2. ASSIGNMENT OF CLAIM. The Customer hereby transfers and assigns to the
Bank all the claims of the Customer against the drawees of all and any
instruments discounted or deposited with the Bank and in the event of any such
instrument being refused acceptance, the Customer hereby authorizes the Bank to
take in the name of the Customer at any time any proceedings for collection of
the amount of such unaccepted instruments as the Bank may see fit, but the Bank
shall not be liable to the Customer for any failure or omission to take any such
action or proceeding.
3. (a) CHARGES TO ACCOUNT. The Bank may debit any account of the
Customer at any branch of the Bank with the amount of any instruments (i) which
is payable at any branch of the Bank and has been or may hereafter be drawn,
made or accepted by the Customer, or (ii) which, having been previously cashed
by the Bank or credited to any such account, is returned to the Bank whether or
not such return is in compliance with the by-laws and rules of the Canadian
Payments Association or in respect of which settlement is not received by the
Bank, together with any charges and expenses properly incurred by the Bank in
connection therewith and the Customer shall be liable to the Bank in respect of
each amount so debited. The Customer agrees that no charging of unpaid
instruments, as provided herein, shall be deemed to amount to payment of such
instruments, and that notwithstanding such charging all the rights and remedies
that the Bank may have against all parties thereto shall be preserved. Should
any instruments received by the Bank for the account of the Customer be lost or
stolen or otherwise disappear from any cause whatsoever other than the Bank's
gross negligence the Bank may charge any account of the Customer at any branch
of the Bank with the amount of the said lost, stolen or disappeared instrument.

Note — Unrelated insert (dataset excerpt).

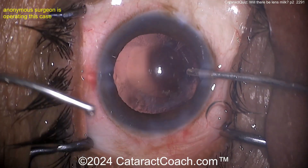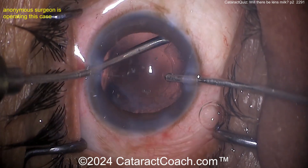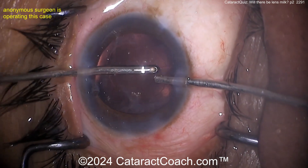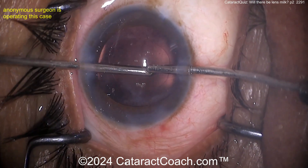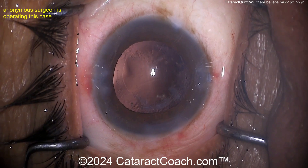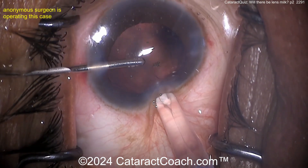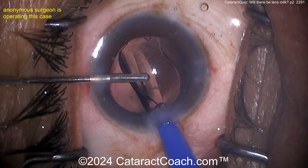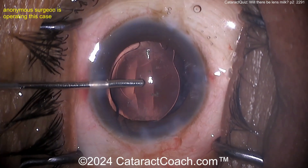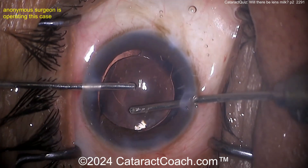Cleaning up here very nicely by manual I/A — look at that, not a whole lot of cortex remaining. A lot of it was liquefied. Finishing up this case, it's a very nice case. Here comes the lens — single-piece acrylic lens going into the capsule bag. Looks pretty good. Get that trailing part of it dialed in.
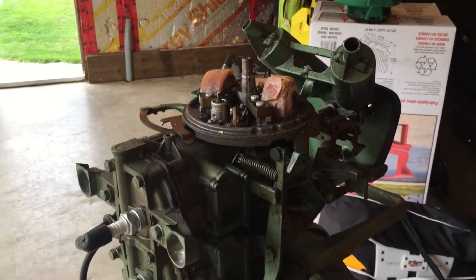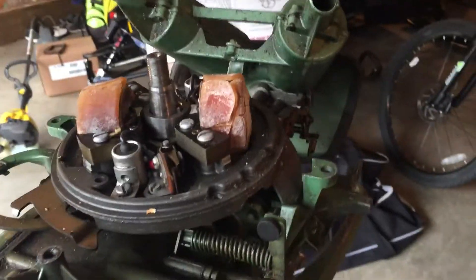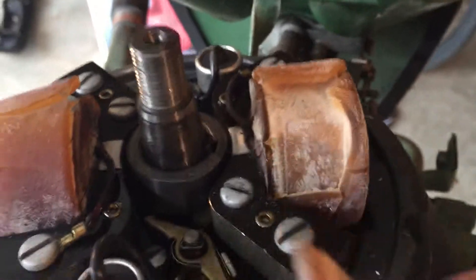Hello, fellow YouTubers, Skadoodle, Ansar, Anything, and come back at you with this 1954 10-horse Johnson. I just took the flywheel and the recoil off, and here's the ignition. Look at those coils — nice and cracked.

(b) ENDORSEMENT. The endorsement of the Customer on any instruments
shall be deemed and held as guaranteeing the authenticity of all endorsements
thereon and guaranteeing to supply any necessary missing endorsements, even if
such guarantees are not expressed. By virtue of such guarantees the Customer
shall return to the Bank the amount of such instruments so guaranteed, if owing
to the nature of any endorsements or its being forged or unauthorized it would
appear that such payment was improperly made, or if any necessary missing
endorsements are not supplied within a reasonable time.
(c) CHARGES. The Customer shall pay all costs, charges and expenses
(including without limitation legal expenses on a solicitor and client basis)
incurred by the Bank in connection with the Customer (including without
limitation preparing or entering into any agreement, obtaining or registering
any security, establishing, extending or administering accounts, banking
services, loans or other banking facilities, preserving and enforcing the Bank's
rights, recovering any indebtedness or enforcing any security). The Customer
shall also pay such charges as the Bank may from time to time make or vary for
the operation of the said account and for establishing, extending or
administering accounts, banking services, loans or other banking facilities.
The rate of such costs, charges and expenses may be ascertained upon inquiry by
the Customer.
(d) DEBIT FOR CHARGES. All costs, charges and expenses payable by the
Customer to the Bank shall be paid upon demand and shall bear interest from
demand at the Overdraft Rate, calculated and payable monthly, before and after
default and judgment. "Overdraft Rate" means the annual rate of interest which
the Bank establishes and quotes from time to time as the rate of interest it
will charge at such time for unauthorized overdrafts in accounts in Canada;
upon any change in the Overdraft Rate, the rate of interest charged hereunder
shall be adjusted automatically and without the necessity of any notice to the
Customer. The Bank may from time to time debit the account of the Customer with
the amount of any such costs, charges and expenses and interest thereon.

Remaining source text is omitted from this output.